As many readers are probably aware, a few days ago, somewhere near Kurukshetra in the Indian state of Haryana, a three year old son of a labourer was playing with some other children. Somehow, he slipped and fell into a dark hole in the ground that was about 50 feet deep. Evidently, a contractor had the hole dug in the hope of finding water, but when none was found, abandoned it.
Anyway, as the news of the child having fallen into the dry well spread, there was plenty of brouhaha around. The police and the fire-brigade could not do the needful, so the army had to be called in and the brave soldiers got the boy out. Well, I can not say they got him out in no time, but get him out they did. In all, the little one stayed inside the hole for about 50 hours. In fact, he had to celebrate his fourth birthday underground, with the chocolates that were lowered down to him with a rope.
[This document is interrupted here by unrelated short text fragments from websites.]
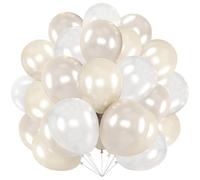 Pearl White Beige Balloons, 62 PCS 12 Inch Pearl Sand White Ivory Balloons, Beige Ivory Party Balloon for Engagement, Wedding, Bridal Shower, Baby Shower, Birthday, Anniversary Party Decorations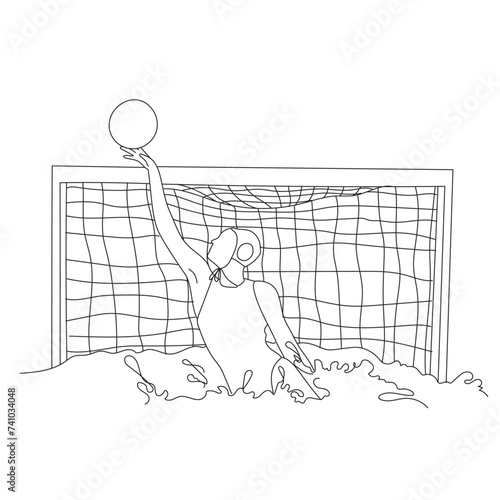 Female playing water polo game at the gate outline vector illustration. Water polo woman player getting ready to strike at game vector continuous line.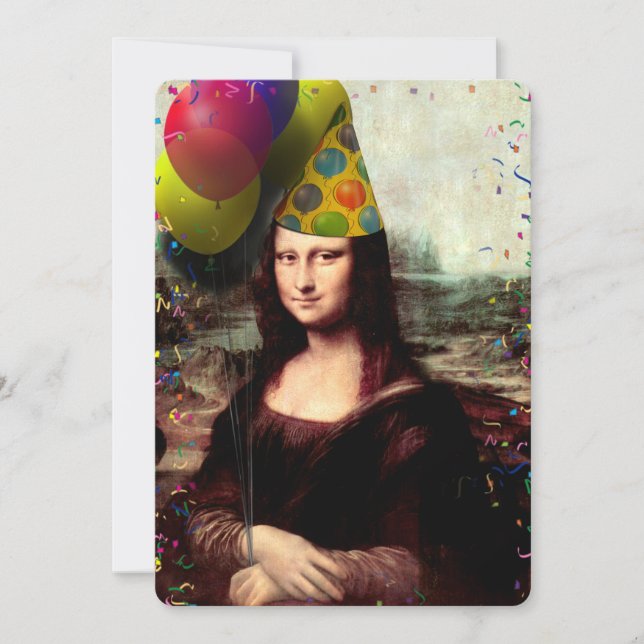 Mona Lisa Happy Birthday Party Hat Invitation (Front)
All these events received extensive media coverage, especially over the electronic media. A closed circuit television camera was lowered to where the child was and the images it captured were aired into homes all over the country through numerous television news channels.
Some people even organised prayer meetings, in several parts of the country, for the boy's well being and some of these duly found their way to prime-time television.
I wonder if any of this had a bearing on the facts that the chief minister of Haryana state was present at the site for almost the entire final day of the boy's ordeal and that the Major-General, among the army units commanded by whom was the one the soldiers of which pulled the little boy out, was also present when the boy was actually brought out of the well and he held the boy in his arms long enough for the cameras to take pictures.
The honourable chief minister also announced a compensation of Rs.2,00,000/- (Rupees Two Lakh) for the boy and the Zee TV network offered to pay for the boy's school as well as college education.
Now, this is obviously good for Prince (for that is the boy's nick-name) and might help to secure his and his family's future to a certain extent. However, I suspect there are many people in this country who would readily throw their children into dry wells, provided the government promises the same kind of compensation amount and some benevolent television channel agrees to pay for the education of such children, for the parents often do not have any idea as to how they are going to manage to pay for their and their family's next meal.
In fact, I have been unemployed for the past four months and would gladly jump into a dry well if the army would pull me out and the government would give me two lakh rupees as compensation, even if the government decides to tax the compensation amount as it plans to do in the case of the Mumbai train bomb blast victims. I could do without the free education though, as I already have a post-graduate degree, and would be grateful if the television channel desirous of paying for it could just give me cash instead!
It is more than likely that many others among the hundereds of thousands of educated, unemployed youth in this country would choose to do the same, if given a chance.